!DOCTYPE html PUBLIC "-//W3C//DTD XHTML 1.0 Strict//EN" "http://www.w3.org/TR/xhtml1/DTD/xhtml1-strict.dtd"> Streamline Training & Documentation: Jessamyn West's Mother

Sunday, May 14, 2006

Jessamyn West's Mother

In 1931, when she was about to turn 29, the author Jessamyn West was diagnosed with advanced tuberculosis. She spent the next two years in a sanatorium in Los Angeles, after which she was sent home to die.

Instead of succumbing to the disease, she recovered after another thirteen years of illness. West recounts the story of those years in the first half of The Woman Said Yes: Encounters with Life and Death. I read this book right after it came out in 1976 and have ever since cherished its account of how West’s mother Grace cared for her in a way that sustained her both physically and spiritually.

Grace West did not accept the terminal diagnosis the doctors had given her daughter. She threw herself into nursing Jessamyn, and also into entertaining her.

The entertainment took the form of stories about the Quakers of Indiana among whom Grace had grown up and with whom Jessamyn had lived until her family moved to California when Jessamyn was seven. These stories became the inspiration for West’s first published work, short stories collected in The Friendly Persuasion, published in 1945 and later turned into a film that was nominated for the Best Film Oscar in 1956.

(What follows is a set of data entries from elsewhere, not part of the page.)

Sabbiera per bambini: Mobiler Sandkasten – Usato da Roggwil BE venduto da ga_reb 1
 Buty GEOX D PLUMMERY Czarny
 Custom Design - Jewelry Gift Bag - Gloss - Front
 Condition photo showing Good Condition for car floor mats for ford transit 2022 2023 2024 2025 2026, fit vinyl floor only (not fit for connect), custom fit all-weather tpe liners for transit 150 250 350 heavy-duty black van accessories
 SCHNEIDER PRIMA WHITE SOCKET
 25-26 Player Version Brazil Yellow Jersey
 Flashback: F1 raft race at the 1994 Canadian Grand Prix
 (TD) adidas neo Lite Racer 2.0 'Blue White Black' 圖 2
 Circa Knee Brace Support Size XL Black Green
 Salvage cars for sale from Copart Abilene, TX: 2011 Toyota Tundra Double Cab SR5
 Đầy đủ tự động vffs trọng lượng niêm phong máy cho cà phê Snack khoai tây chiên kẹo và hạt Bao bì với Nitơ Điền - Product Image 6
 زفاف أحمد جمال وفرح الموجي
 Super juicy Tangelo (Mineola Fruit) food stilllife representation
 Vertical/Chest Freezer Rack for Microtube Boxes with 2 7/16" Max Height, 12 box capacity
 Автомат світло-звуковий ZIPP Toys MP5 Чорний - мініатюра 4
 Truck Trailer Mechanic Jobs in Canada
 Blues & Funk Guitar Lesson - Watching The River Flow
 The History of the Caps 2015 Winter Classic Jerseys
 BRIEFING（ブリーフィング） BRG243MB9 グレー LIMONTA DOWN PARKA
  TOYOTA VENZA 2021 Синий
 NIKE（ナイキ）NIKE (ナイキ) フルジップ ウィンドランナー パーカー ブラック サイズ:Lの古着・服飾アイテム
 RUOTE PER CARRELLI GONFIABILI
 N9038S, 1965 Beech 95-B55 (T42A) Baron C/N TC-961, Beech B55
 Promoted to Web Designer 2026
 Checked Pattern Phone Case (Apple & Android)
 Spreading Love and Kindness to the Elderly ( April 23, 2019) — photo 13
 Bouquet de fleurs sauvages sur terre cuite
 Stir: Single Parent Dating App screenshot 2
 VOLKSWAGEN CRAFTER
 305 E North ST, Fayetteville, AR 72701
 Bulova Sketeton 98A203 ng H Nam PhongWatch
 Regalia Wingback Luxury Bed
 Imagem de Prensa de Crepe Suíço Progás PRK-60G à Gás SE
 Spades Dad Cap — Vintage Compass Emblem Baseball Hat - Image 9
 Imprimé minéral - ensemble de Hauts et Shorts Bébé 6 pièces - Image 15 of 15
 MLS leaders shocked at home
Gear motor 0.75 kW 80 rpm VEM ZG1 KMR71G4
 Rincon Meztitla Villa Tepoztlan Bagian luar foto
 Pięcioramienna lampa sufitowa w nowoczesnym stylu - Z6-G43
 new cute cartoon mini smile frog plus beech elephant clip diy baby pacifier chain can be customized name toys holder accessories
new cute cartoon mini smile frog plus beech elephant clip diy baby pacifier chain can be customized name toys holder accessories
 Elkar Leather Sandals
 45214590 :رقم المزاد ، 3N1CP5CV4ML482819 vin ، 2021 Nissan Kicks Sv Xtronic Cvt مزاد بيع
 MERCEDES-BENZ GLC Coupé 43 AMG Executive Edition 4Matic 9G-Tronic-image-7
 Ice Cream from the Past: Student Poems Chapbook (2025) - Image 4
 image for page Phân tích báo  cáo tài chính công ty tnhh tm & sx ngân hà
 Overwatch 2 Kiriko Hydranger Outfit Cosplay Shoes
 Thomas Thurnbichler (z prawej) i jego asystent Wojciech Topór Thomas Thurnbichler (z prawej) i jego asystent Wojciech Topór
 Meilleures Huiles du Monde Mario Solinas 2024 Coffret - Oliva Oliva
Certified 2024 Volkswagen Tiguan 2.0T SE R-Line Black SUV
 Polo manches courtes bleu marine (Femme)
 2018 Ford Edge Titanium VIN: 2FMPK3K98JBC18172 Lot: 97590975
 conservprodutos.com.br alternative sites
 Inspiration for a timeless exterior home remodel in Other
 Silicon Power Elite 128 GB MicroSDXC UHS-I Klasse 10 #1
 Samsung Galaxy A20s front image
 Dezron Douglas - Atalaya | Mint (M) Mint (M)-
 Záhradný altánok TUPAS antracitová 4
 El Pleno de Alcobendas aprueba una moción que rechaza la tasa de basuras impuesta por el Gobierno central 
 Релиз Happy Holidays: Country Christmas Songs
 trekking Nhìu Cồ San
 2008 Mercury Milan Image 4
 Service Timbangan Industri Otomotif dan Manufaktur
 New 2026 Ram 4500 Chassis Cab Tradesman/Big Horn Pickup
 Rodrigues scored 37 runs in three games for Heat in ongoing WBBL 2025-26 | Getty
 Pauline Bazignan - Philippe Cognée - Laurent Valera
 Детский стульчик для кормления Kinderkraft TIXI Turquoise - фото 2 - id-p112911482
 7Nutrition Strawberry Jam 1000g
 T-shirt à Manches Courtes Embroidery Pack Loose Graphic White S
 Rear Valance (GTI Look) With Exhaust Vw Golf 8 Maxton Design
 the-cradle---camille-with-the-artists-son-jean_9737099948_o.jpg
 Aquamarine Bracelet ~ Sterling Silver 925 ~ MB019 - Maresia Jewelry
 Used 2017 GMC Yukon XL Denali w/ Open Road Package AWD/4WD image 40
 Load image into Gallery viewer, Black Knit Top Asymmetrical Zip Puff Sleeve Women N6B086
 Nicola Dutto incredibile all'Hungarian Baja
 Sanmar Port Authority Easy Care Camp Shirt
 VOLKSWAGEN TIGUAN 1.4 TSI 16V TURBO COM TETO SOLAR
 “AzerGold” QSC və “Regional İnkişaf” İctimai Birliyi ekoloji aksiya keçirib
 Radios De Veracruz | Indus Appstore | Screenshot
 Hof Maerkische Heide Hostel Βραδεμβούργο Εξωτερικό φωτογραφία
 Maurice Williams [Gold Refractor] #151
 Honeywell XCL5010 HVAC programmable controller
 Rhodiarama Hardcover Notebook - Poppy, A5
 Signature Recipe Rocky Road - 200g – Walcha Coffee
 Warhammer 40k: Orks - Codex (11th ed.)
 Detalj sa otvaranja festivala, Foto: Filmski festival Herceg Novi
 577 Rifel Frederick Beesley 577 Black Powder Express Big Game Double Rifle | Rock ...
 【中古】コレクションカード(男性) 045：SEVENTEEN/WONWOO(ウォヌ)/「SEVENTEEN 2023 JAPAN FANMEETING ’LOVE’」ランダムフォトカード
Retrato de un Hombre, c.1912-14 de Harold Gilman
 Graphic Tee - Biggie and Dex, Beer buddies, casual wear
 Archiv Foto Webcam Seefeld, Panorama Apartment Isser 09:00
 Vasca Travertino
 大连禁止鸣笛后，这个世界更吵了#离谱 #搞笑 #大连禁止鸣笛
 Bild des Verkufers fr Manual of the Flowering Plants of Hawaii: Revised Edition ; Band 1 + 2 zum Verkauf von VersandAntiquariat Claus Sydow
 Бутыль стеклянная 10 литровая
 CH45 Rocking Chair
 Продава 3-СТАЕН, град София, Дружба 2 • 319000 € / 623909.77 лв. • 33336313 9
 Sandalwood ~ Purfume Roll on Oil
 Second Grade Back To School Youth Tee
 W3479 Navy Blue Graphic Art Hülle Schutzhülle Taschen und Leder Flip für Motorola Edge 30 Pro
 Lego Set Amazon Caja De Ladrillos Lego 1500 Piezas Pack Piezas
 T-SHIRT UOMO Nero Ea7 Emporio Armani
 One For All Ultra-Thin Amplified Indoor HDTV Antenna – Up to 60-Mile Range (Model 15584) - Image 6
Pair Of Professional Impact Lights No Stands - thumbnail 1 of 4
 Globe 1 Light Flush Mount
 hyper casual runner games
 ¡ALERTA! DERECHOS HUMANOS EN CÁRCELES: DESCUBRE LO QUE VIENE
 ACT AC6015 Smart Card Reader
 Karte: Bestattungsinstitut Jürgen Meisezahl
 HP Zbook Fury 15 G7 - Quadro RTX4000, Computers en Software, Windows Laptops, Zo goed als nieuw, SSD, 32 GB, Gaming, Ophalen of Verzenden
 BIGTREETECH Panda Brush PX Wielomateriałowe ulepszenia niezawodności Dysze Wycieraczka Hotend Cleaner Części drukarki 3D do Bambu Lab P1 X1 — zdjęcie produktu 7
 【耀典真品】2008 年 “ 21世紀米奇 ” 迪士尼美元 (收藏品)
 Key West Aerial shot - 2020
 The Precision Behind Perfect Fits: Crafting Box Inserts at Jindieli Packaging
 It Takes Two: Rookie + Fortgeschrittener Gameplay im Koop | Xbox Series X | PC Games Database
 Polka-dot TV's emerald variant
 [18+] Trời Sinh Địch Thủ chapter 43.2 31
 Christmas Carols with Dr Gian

Grace’s relationship with her daughter has become for me an exemplar of what dedicated, and generally anonymous, mothers do for their children. To mark Mother's Day 2006, here are some excerpts from The Woman Said Yes that show how Grace literally enabled her daughter to become a successful author:
Grace knew, though no word of mine told her anything, the limbo in which I lived; somehow, without words, she knew. Since I had no life of my own, past or future, in which to live, she gave me her own life , as a young woman, as Grace Milhous, a Quaker girl on a farm in southern Indiana at the turn of the century.

I was still not strong enough to follow a book, line by line, paragraph by paragraph, to its conclusion. But I could listen to short stories, and their narrator, a former elocution prize-winner. ...

Little by little, living with Grace, like the frog kissed by the maiden, I became human again. Not the human I once had been; my own past and my own problematical future were still areas too painful for me to enter. But Grace's past I could enter and explore and live in. It was better than movie-casting; her story was real and she, the heroine, sat by my bedside with her own gestures and accents. ...

While I lay in bed, with no life of my own to look forward to, or that I could endure to look back on, I was given this other endurable life to live in, to wonder over, to speculate about. Not yet to laugh at, though there was much Grace said that was funny. I was afraid to laugh. It would be tempting fate. It would be whistling before I was out of the woods. Grace expected me to get well, and talked to me about the time "when you are well." ...

Moving forward in time to the period just before Grace passed away ...
She died seventeen years after that operation [a mastectomy] of a disease not connected with cancer, but which did affect her memory.

In the week before her death, I, trying to identify myself to her, said, "I'm the oldest of your four children."

"The oldest?" she repeated.

"The one who wrote those Quaker stories."

She misunderstood my words, but her unconscious led her to an insight deeper than my words.

"Oh," said she, "did I get those stories written?"

"Written and published," I said.

"I always wanted to write them. But I married early and wasn't well. It slipped my mind that I did it. I thought I just dreamed I did it."

"It isn't a dream."

"I remember now. The horse race and the son's fighting in the war."

What she thought she remembered was purest fiction, something that never happened. What
had happened, the clink of her mother's wedding ring as she washed dishes, her grandfather's love of music, the whisper of snow, the rustle of shawls and full skirts in the Meetinghouse on First Day: these, the realities of which she told me, had been my dreams. It was a strange exchange. She accepted my fiction as real. Her memories and long-time musings had become my fiction.

"I'm so glad you told me," she said. "I haven't been well, and my memory's got holes in it. It makes me feel better to know I wasn't just a dreamer." ...

"I never could have done it," Grace said, her mind still on the writing and publication she had "forgotten," "except that you encouraged me by listening."

"What else could I do," I asked, "bedfast and you standing over me?"

Grace laughed. "What's the word for that?"

"Captive audience."

"We had some good times in spite of everything, didn't we?"

Jessamyn West’s husband encouraged her to submit her stories to magazines, and they started being accepted in 1940. She lived to the ripe age of 81, having become a prolific author over a period of four decades.